◆ To do ◆
Reproduce each line of the material precisely.

Data for this exercise below:

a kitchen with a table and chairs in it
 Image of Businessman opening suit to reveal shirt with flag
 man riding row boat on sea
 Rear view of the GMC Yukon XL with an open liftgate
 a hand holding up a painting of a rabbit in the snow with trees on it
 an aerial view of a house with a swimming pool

End of Data for this exercise.

◆ Written answer ◆
a kitchen with a table and chairs in it
 Image of Businessman opening suit to reveal shirt with flag
 man riding row boat on sea
 Rear view of the GMC Yukon XL with an open liftgate
 a hand holding up a painting of a rabbit in the snow with trees on it
 an aerial view of a house with a swimming pool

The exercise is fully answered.